Closed stslxg-nv closed 2 months ago

stslxg-nv commented 4 months ago

Hi Team, I found that radius_graph might produce max_num_neighbors + 1 neighbors for both CPU and GPU versions. A minimal reproducer for CPU, adapted from the example in README:

import torch
from torch_cluster import radius_graph
x = torch.tensor([[-1., -1.], [-1., 1.], [1., -1.], [1., 1.]])
edge_index = radius_graph(x, r=100, max_num_neighbors=1)
print(edge_index)

We get

tensor([[1, 0, 0, 1, 0, 1],
        [0, 1, 2, 2, 3, 3]])

Note that Node 2 and 3 both get 2 neighbors instead of 1.

The minimal reproducer for GPU is similar:

import torch
from torch_cluster import radius_graph
x = torch.tensor([[-1., -1.], [-1., 1.], [1., -1.], [1., 1.]]).cuda()
edge_index = radius_graph(x, r=100, max_num_neighbors=1)
print(edge_index)

We also get

tensor([[1, 0, 0, 1, 0, 1],
        [0, 1, 2, 2, 3, 3]], device='cuda:0')

I believe this is due to this line. In the case where we don't allow self-loop, the assumption here is that each node will find itself as one of its neighbors, and then it will get delete by these lines, therefore the need to find max_num_neighbors + 1 neighbors instead of just max_num_neighbors neighbors.

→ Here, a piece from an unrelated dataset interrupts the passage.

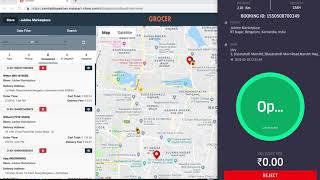 Grocery Delivery Business Software | DISPATCHER | Best Grocery Delivery Software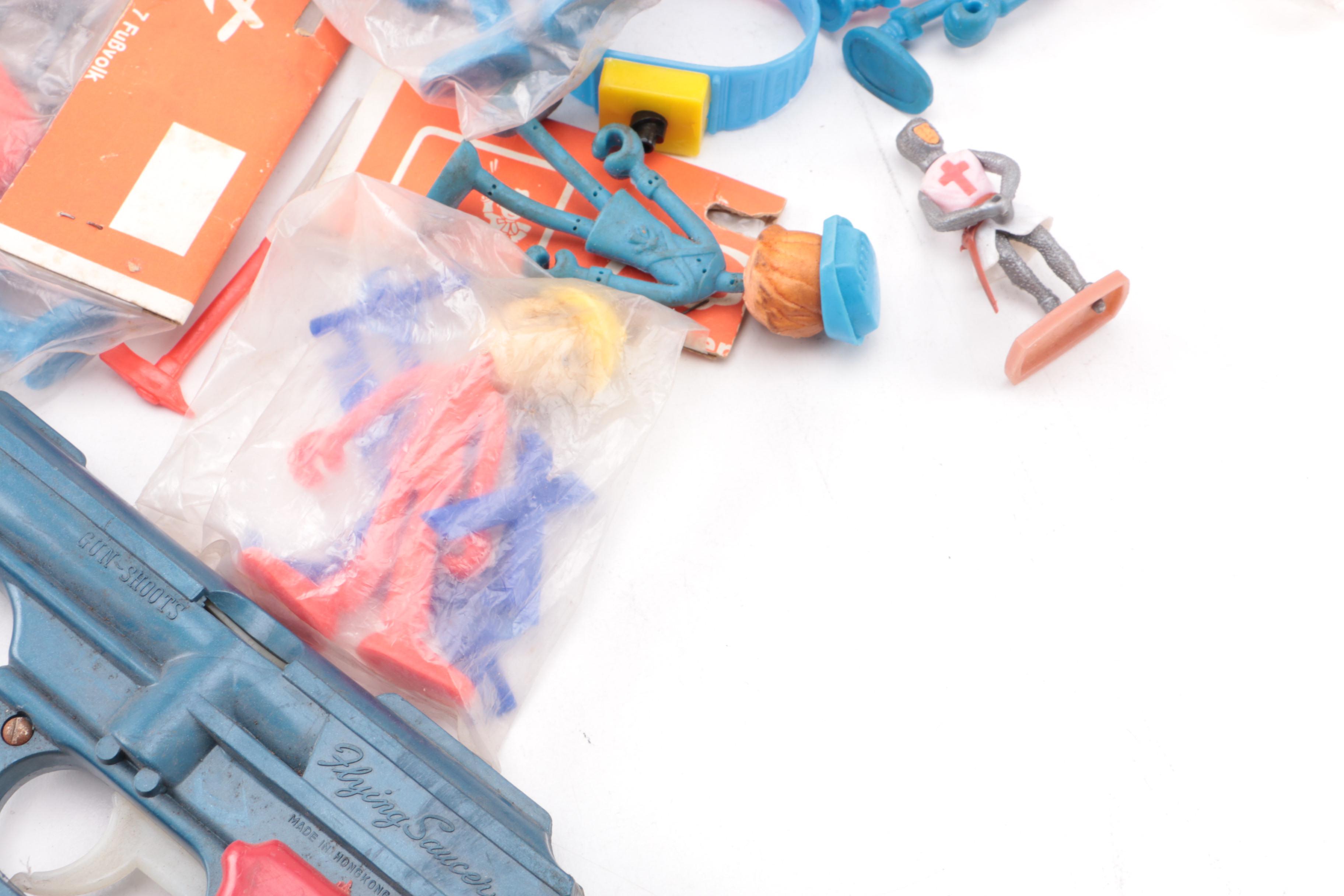 Billy Western and Flying Saucer Made Toys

However, this assumption is not always true:

A potential solution for the CPU version is to set params.sorted to true on this line instead, so that sorting is enable and it is guaranteed that each node will find itself as the closest neighbor and thus include itself in the result. However, this will have some runtime overhead.

stslxg-nv commented 3 months ago

For the CPU version, sorting won't solve this problem, since there might be coincident points thus it is still not guaranteed to include itself in the result.